A blast from SC’s past (and present, alas)

There was a meme bouncing around on Twitter this morning having to do with the expression “dog whistle politics.” It’s a phrase you’ve probably heard before, which is easy to understand intuitively, but I was curious about its provenance, so I looked it up. And I found a little gem that, if I had read it before, I had forgotten.

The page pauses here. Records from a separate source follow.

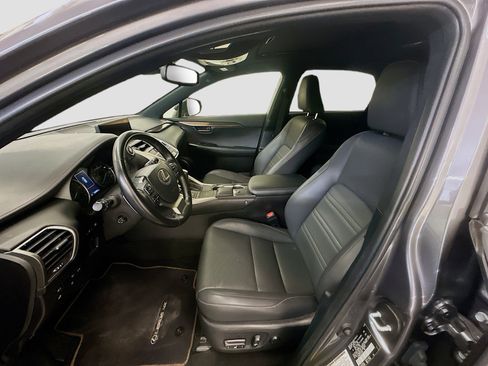 Used 2020 Lexus NX 300 AWD w/ Black Line Edition image 13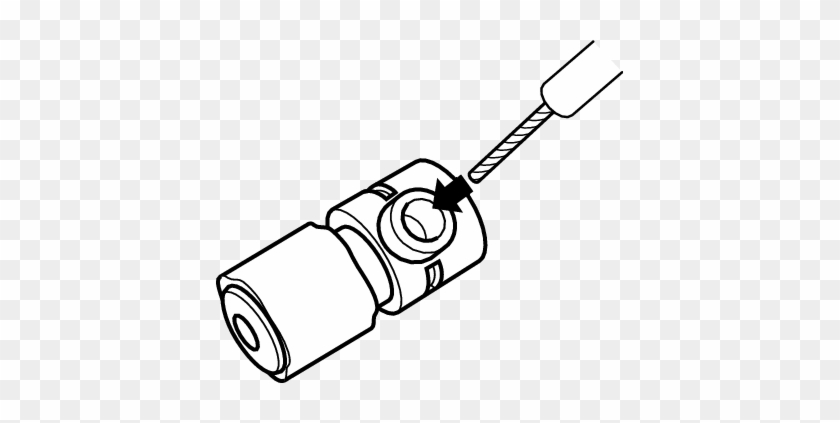 Turn The Speaker Terminal Clockwise To Tighten It - Cunt #1420248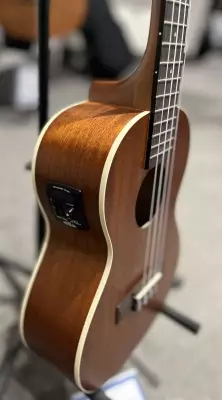 Kala - Satin Mahogany Tenor Ukulele w/EQ 3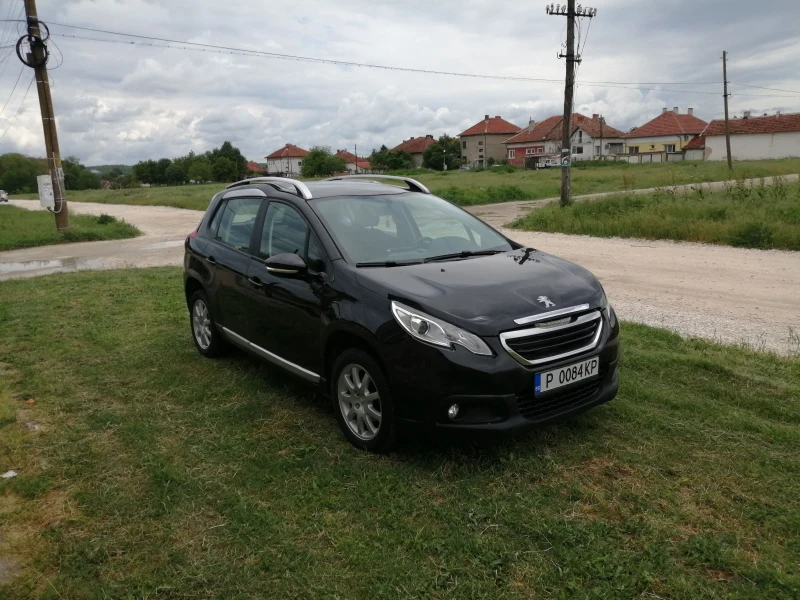 Peugeot 2008 1.6 HDI, снимка 3 - Автомобили и джипове - 47729127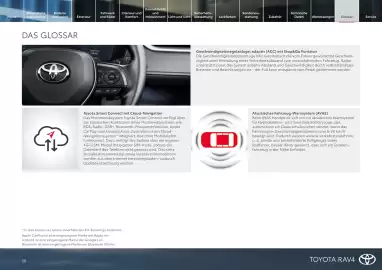 Toyota Flugblatt | RAV4 Seite 30
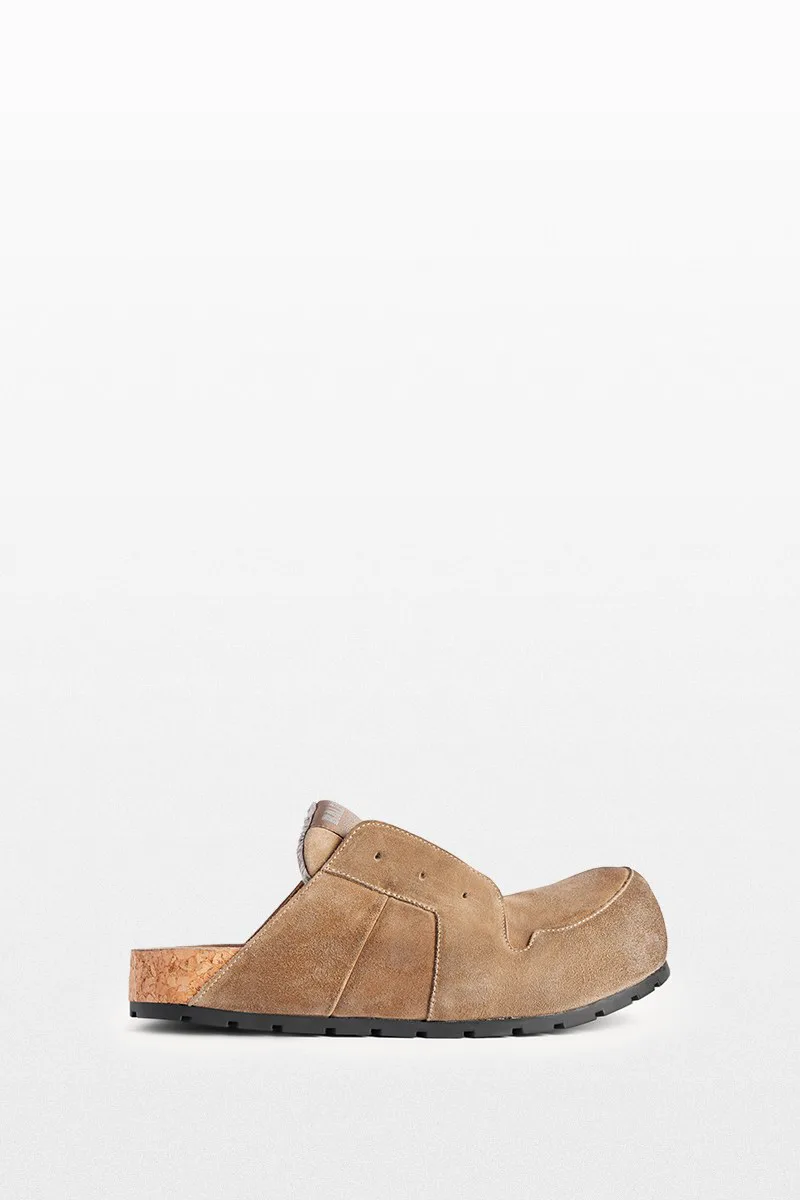 BALENCIAGA Ανδρικό Μπεζ Dumbo Mule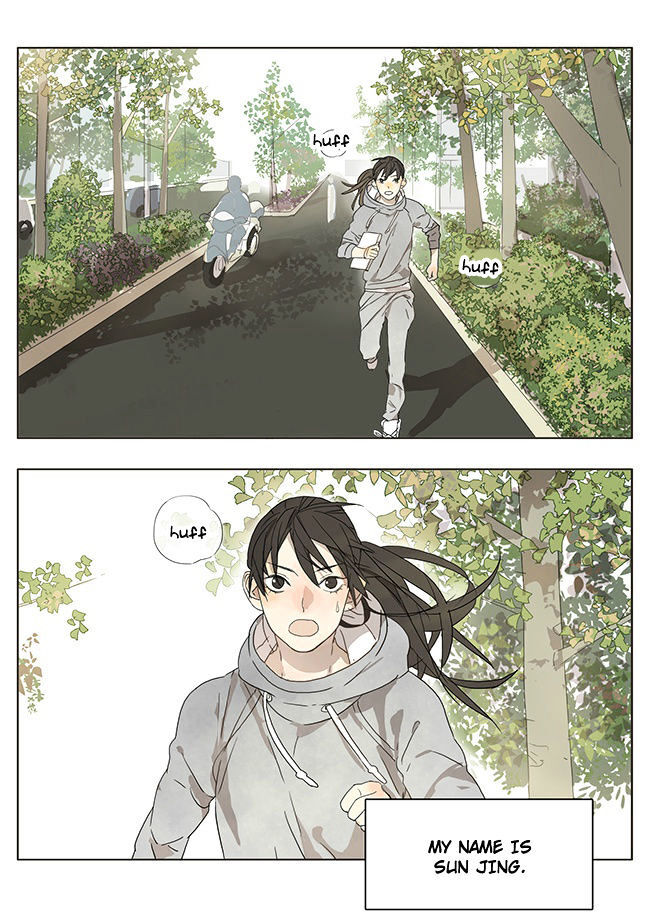 Tamen De Gushi Chapter 51 #1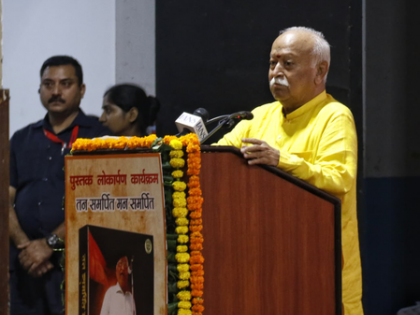 RSS chief calls for gender equality, women’s leadership and action | RSS chief calls for gender equality, women’s leadership and action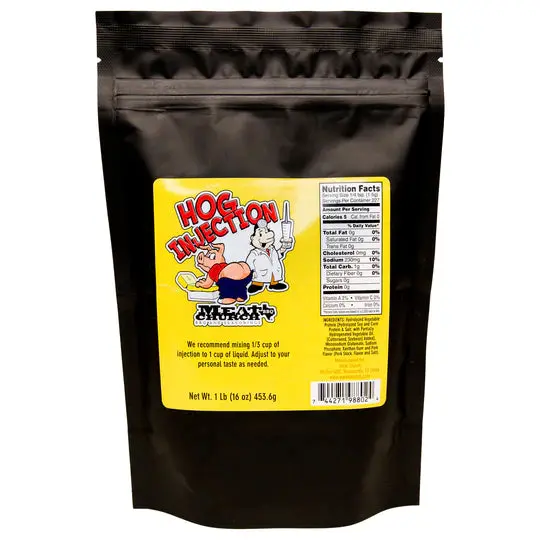 Meat Church Hog Injection Marinade 1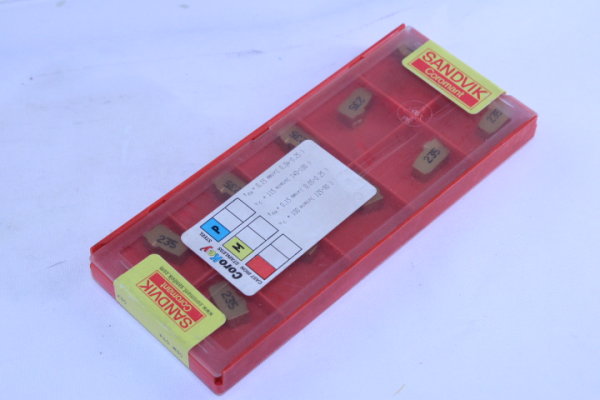 SANDVIK Wendeschneidplatten N151.2-500-5E  10 Stück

This is from the Wikipedia entry on the term. WARNING: OFFENSIVE LANGUAGE:

One group of alleged code words in the United States is claimed to appeal to racism of the intended audience. The phrase “states’ rights“, although literally referring to powers of individual state governments in the United States, was described by David Greenberg in Slate as “code words” for institutionalized segregation and racism.[8] In 1981, former Republican Party strategist Lee Atwater when giving an anonymous interview discussing the GOP’s Southern Strategy, said:

You start out in 1954 by saying, “Nigger, nigger, nigger.” By 1968, you can’t say “nigger” — that hurts you. Backfires. So you say stuff like forced busing, states’ rights and all that stuff. You’re getting so abstract now [that] you’re talking about cutting taxes, and all these things you’re talking about are totally economic things and a byproduct of them is [that] blacks get hurt worse than whites. And subconsciously maybe that is part of it. I’m not saying that. But I’m saying that if it is getting that abstract, and that coded, that we are doing away with the racial problem one way or the other. You follow me — because obviously sitting around saying, “We want to cut this,” is much more abstract than even the busing thing, and a hell of a lot more abstract than “Nigger, nigger.”[9][10]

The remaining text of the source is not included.